In 2012, Foley was taken hostage again, this time in Syria. Bradley led a second team of researchers to locate Foley and five other Americans taken hostage in Syria. Larry Wright wrote an article about a dinner at Bradley's house during which the families of five of the missing hostages met for the first time. In the end, the team failed to gain release for four of the hostages held by ISIS. In August 2012, Foley became the first American beheaded by ISIS. In the end, all four ISIS hostages were killed or died in custody. One hostage, Theo Padnos, held by al-Nusra, was released. The sixth hostage, Austin Tice, still is missing in Syria.

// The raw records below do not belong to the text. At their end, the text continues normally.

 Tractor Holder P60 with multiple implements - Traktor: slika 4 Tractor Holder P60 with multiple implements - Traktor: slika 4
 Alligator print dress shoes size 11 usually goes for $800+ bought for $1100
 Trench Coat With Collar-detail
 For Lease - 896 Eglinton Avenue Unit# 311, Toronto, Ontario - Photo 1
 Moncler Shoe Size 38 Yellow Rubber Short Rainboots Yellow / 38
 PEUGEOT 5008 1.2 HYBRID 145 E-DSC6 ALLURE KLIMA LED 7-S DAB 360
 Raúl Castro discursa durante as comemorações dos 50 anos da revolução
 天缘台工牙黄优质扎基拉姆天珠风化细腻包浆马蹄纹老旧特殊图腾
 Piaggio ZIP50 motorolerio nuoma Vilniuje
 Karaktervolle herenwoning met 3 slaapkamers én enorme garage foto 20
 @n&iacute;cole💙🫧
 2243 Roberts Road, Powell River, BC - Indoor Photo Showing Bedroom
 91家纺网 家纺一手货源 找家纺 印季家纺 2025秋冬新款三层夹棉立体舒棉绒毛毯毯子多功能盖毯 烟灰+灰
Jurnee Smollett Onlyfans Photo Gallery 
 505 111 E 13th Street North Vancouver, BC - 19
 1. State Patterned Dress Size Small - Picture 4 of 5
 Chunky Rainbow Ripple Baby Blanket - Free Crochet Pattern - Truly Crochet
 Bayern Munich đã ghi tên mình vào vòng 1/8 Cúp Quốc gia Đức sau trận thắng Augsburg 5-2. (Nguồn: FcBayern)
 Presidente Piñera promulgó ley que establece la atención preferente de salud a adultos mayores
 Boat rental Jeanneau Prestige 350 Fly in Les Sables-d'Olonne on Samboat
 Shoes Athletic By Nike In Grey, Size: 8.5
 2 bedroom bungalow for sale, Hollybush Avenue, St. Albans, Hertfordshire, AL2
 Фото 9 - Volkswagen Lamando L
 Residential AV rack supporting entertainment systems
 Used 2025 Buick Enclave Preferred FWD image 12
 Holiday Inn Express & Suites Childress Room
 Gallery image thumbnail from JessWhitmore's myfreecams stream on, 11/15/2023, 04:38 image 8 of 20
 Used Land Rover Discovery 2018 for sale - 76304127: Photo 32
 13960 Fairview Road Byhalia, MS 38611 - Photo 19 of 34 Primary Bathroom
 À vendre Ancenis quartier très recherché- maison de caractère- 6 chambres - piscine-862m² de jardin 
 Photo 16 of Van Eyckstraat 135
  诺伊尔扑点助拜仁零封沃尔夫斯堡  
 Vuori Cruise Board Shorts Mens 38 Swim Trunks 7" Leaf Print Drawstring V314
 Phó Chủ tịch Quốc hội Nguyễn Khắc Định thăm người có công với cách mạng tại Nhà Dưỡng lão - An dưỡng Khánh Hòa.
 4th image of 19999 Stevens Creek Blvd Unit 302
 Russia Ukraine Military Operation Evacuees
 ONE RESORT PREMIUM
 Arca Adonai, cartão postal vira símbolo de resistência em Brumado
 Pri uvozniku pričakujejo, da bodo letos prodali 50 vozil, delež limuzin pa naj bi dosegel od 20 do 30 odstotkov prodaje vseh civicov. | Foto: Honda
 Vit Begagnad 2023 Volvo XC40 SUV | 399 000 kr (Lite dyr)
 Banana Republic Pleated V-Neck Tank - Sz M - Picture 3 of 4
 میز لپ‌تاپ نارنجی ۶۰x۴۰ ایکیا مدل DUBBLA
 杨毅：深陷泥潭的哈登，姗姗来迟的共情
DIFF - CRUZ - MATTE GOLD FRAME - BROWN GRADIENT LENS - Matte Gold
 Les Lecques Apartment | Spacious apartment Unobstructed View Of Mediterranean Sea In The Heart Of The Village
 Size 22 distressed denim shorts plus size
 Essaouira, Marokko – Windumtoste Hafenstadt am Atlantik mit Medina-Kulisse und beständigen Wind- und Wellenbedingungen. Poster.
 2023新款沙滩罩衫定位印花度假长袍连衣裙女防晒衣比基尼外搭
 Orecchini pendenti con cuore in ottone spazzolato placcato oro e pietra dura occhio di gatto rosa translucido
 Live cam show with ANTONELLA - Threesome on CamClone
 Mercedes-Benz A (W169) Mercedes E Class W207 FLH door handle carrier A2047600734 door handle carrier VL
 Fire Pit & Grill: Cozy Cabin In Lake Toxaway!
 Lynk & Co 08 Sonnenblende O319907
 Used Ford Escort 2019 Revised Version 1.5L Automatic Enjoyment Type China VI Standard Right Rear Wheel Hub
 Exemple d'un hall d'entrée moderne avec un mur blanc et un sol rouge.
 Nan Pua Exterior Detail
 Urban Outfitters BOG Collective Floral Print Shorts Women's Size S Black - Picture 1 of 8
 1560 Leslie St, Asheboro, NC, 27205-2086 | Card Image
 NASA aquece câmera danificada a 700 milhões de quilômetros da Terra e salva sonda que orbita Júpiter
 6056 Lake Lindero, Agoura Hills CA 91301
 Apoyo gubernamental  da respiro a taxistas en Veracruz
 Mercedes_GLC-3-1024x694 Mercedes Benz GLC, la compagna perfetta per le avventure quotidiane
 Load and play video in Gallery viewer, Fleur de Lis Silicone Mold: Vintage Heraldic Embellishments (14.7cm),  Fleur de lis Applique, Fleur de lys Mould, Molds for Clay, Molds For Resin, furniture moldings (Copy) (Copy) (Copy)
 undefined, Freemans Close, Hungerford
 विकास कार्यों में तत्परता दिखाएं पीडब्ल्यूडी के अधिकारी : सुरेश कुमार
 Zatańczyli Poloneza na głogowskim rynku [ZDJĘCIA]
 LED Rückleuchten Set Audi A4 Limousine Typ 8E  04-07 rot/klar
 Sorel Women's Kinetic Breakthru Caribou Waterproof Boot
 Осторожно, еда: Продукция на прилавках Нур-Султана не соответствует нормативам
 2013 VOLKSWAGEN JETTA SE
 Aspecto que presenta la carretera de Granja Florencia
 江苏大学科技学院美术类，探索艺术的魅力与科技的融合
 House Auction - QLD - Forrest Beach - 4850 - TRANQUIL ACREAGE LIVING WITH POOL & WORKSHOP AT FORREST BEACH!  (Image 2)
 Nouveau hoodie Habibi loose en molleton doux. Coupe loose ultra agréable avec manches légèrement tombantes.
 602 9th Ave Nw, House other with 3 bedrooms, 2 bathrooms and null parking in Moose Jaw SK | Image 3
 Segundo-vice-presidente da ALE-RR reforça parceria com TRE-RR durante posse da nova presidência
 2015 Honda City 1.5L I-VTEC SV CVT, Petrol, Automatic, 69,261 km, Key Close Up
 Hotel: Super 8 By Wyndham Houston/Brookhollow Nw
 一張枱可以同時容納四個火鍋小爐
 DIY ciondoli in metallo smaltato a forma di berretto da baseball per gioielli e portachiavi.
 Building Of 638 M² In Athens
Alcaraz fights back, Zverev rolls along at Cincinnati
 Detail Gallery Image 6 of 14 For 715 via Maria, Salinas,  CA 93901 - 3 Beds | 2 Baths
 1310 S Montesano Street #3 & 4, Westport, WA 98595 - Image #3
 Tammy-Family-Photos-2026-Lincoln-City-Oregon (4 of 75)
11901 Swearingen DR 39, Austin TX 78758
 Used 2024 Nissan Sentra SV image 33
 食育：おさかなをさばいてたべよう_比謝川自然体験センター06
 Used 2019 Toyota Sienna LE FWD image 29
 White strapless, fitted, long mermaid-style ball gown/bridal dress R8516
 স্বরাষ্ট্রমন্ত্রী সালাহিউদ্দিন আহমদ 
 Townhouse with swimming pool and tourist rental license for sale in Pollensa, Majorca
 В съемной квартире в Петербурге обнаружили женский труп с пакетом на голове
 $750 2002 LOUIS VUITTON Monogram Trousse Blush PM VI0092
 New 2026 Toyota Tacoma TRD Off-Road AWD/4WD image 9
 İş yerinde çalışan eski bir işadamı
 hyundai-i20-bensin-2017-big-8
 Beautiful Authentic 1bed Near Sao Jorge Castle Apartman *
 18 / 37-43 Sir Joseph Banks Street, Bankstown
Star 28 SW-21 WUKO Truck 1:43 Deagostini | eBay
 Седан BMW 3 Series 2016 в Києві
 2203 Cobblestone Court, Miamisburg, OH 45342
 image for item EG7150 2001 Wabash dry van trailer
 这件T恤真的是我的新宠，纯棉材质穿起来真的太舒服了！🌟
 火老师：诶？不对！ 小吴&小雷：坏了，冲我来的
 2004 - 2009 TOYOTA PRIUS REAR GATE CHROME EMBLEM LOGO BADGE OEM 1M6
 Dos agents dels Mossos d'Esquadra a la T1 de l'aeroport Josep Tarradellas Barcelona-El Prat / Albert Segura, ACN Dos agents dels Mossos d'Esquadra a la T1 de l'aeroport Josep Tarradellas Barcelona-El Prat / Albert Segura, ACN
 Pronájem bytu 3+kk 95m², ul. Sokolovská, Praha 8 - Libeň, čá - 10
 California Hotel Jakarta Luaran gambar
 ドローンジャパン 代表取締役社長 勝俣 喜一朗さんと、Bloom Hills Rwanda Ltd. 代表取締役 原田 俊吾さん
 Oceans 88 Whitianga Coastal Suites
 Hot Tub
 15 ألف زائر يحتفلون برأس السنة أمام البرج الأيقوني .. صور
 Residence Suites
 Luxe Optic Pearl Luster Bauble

To avoid a conflict of interest, Bradley directed Wright to publish the story in The Atlantic's competitor, The New Yorker.

On July 28, 2017, Bradley sold his majority ownership of The Atlantic to the Emerson Collective, which is an organization owned by multi-billionaire investor and philanthropist Laurene Powell Jobs. Bradley remains chairman emeritus and a minority owner.

==Politics==
Politically, Bradley considers himself a centrist. He has contributed to the Democratic and Republican parties. In the 2008 U.S. presidential primaries he donated to Hillary Clinton, Barack Obama, and Mitt Romney.

==Boards and philanthropy==
In addition to publishing, Bradley works with various educational and charitable organizations. He founded the Child Protection Network, the largest system of acute care facilities for abused children in the Philippines. The network now includes emergency centers in over 100 Philippine hospitals. During his Fulbright Scholarship, Bradley taught economics at the University of the City of Manila (Pamantasan ng Lungsod ng Maynila).

Bradley is a member of the American Academy of Arts and Sciences. His board memberships have included the Council on Foreign Relations, Georgetown University, the American University of Beirut, Swarthmore College, New America Foundation, KIPP DC, and the Biden Cancer Initiative.